A imperiosidade de recuperar-se o sistema escolar de ensino em um país como o Brasil — que o degradou, nos últimos anos, a um nível jamais imaginado — é inconteste, apesar das reiteradas demandas e lutas de setores organizados da sociedade civil desenvolvidas recentemente. Por outro lado, há um consenso estabelecido em torno da importância da pesquisa e da produção de conhecimento, de modo a contribuir para desvendar os processos que envolvem as complexas dimensões do processo educativo em nossa sociedade. Todavia qualquer empreendimento nesse sentido será fadado ao insucesso se — além de promover pesquisas no âmbito restrito da escola ou da ação da Estado de modo geral — não implicar um estudo das condições familiares de existência e, nessa medida, da educação das crianças e jovens, nos diferentes grupos e classes sociais que compõem a sociedade brasileira, no campo e na cidade.

A socialização dos estudos e temas tratados no Seminário diante de sua atualidade constitui um espaço importante para o fortalecimento dessas preocupações. Os textos aqui reunidos examinam o tema da família sob os mais diversos ângulos, a partir de conferências e mesas-redondas que reuniram pesquisadores da Faculdade de Educação, do Instituto de Psicologia e do Departamento de História da Universidade de São Paulo, bem como convidados de outras instituições de pesquisa, dentre elas a Fundação Carlos Chagas e a PUC do Rio de Janeiro.

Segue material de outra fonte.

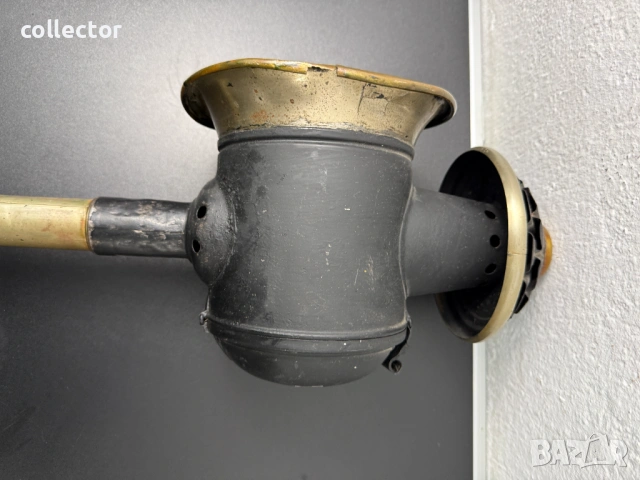 Файтонджийски месингов фенер. №8118, снимка 5 - Антикварни и старинни предмети - 54289873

Constituindo um fórum de debates sobre as modalidades de organização familiar prevalecentes na sociedade brasileira contemporânea, os modelos que historicamente marcaram essa trajetória, as transformações mais significativas e os traços que permanecem ao longo do tempo, as peculiaridades da ação educativa no interior dos grupos familiares, o Seminário "Família e Educação: Uma Questão em Aberto", apontou a medida da importância dos conhecimentos gerados em várias áreas das ciências humanas, no estudo dos temas da família. No esforço de se repensar a educação escolar, configura-se, assim, a necessária articulação entre os dois processos educativos: aquele desenvolvido no âmbito do família e o conjunto de práticas que atuam no sistema escolar.

 

 

1 Texto apresentado na abertura do Seminário "Família e Educação: uma questão em aberto", organizado pelo NESE (Núcleo de Estudo da Educação da Faculdade de Educação da USP, em 1989.